As if lying and murder were not bad enough, the industry suppresses knowledge,7 adding to its culpability. Conveniently, scientists have neglected to inform the public about a possible alternative to using embryonic stem cells for treating disease. That alternative lies in the existence of adult stem cells in adolescents and adults. Adult stem cells have not been studied as deeply as their embryonic cousins because of scientists' preoccupation—indeed, fixation—with discovering the blueprint of embryonic development.

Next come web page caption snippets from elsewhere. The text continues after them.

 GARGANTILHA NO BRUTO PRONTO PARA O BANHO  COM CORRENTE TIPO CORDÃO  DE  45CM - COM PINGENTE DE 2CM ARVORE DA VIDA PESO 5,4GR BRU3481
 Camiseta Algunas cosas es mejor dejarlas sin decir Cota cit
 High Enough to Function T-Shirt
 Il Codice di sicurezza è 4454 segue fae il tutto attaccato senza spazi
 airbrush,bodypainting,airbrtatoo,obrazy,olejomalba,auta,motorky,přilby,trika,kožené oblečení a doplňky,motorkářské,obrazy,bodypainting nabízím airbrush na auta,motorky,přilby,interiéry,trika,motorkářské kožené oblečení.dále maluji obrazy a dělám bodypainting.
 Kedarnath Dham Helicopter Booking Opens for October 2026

If the industry had not been so effective in suppressing knowledge, the public would have learned that the use of adult stem cells avoids most of the scientific and moral issues surrounding embryonic stem cells. Adult stem cells are easily obtained by tissue biopsy from patients, including the sick patient himself. They are amenable to growth in culture, and can be "induced to differentiate into a wide range of mature cell types."8 Because they come from the patient's own body, the mature cells they produce probably will not experience immunological rejection. They are not prone to form tumors. Most importantly, their use does not raise moral issues about the destruction of embryos. Harvesting adult stem cells through biopsy involves no killing.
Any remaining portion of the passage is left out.